# Work required:
Nothing but an exact repeat of the data, with pictures removed, belongs in the answer.

# Source material:
===

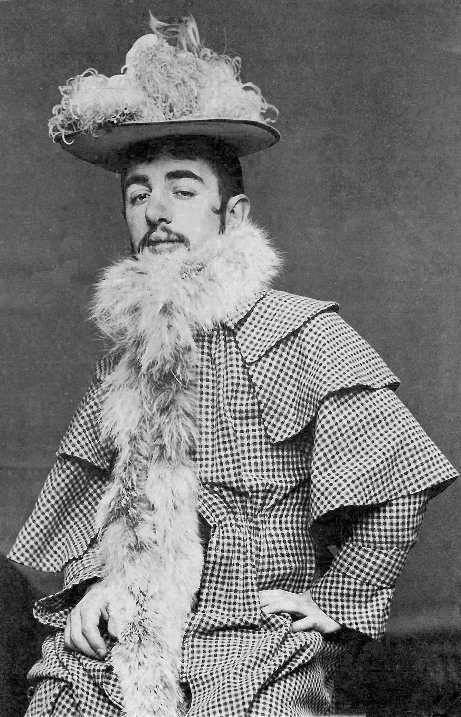 Toulouse-Lautrec in hat and boa. (Jane Avril's?) c1892,   

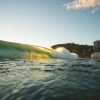 Sunlight coming through the waves at Burleigh Heads, Gold Coast.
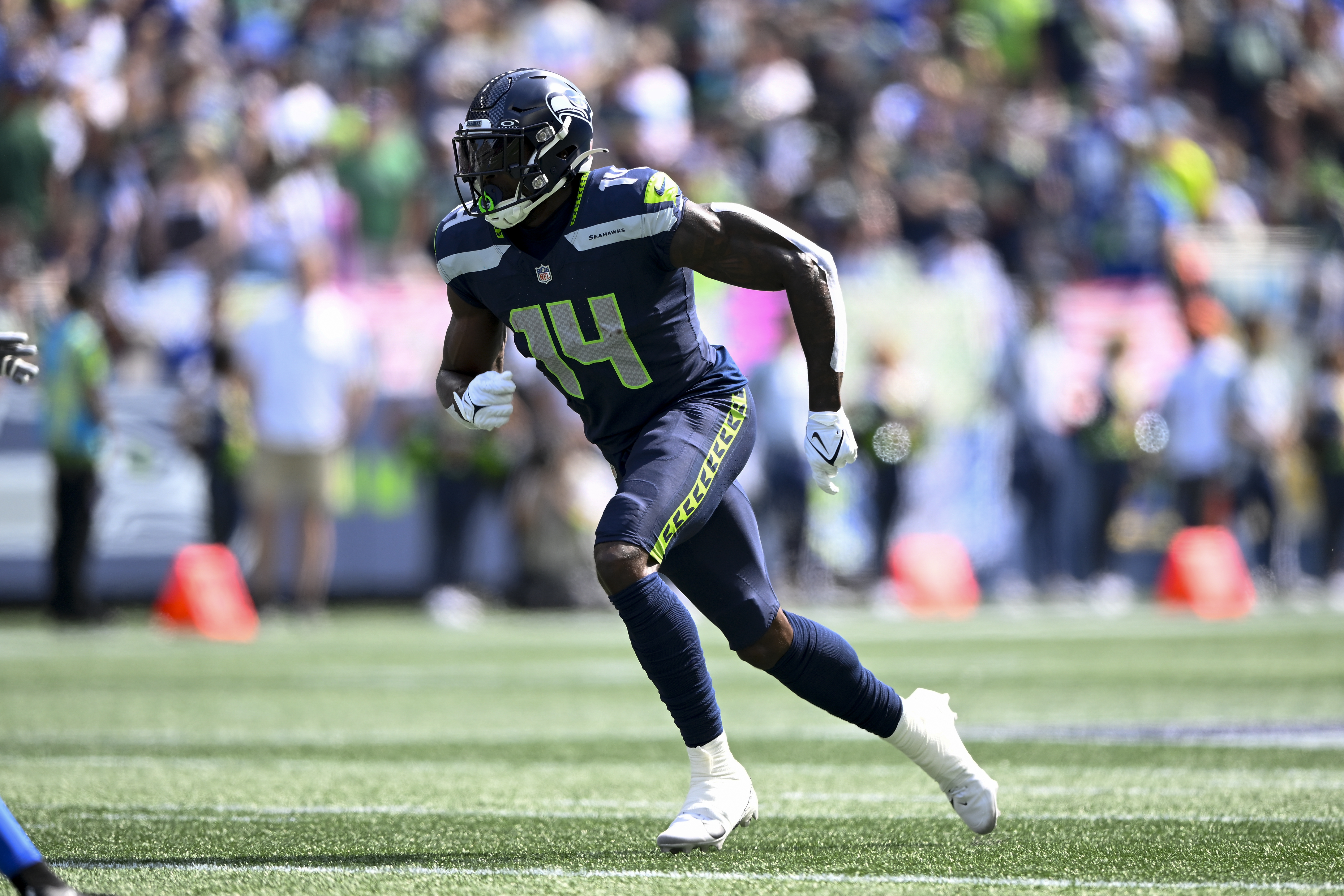 DK Metcalf #14 of the Seattle Seahawks in action during the game against the Los Angeles Rams at Lumen Field on September 10, 2023 in Seattle, Washington. The Los Angeles Rams won 30-13.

===

# Written solution:
 Toulouse-Lautrec in hat and boa. (Jane Avril's?) c1892,   

 Sunlight coming through the waves at Burleigh Heads, Gold Coast.
 DK Metcalf #14 of the Seattle Seahawks in action during the game against the Los Angeles Rams at Lumen Field on September 10, 2023 in Seattle, Washington. The Los Angeles Rams won 30-13.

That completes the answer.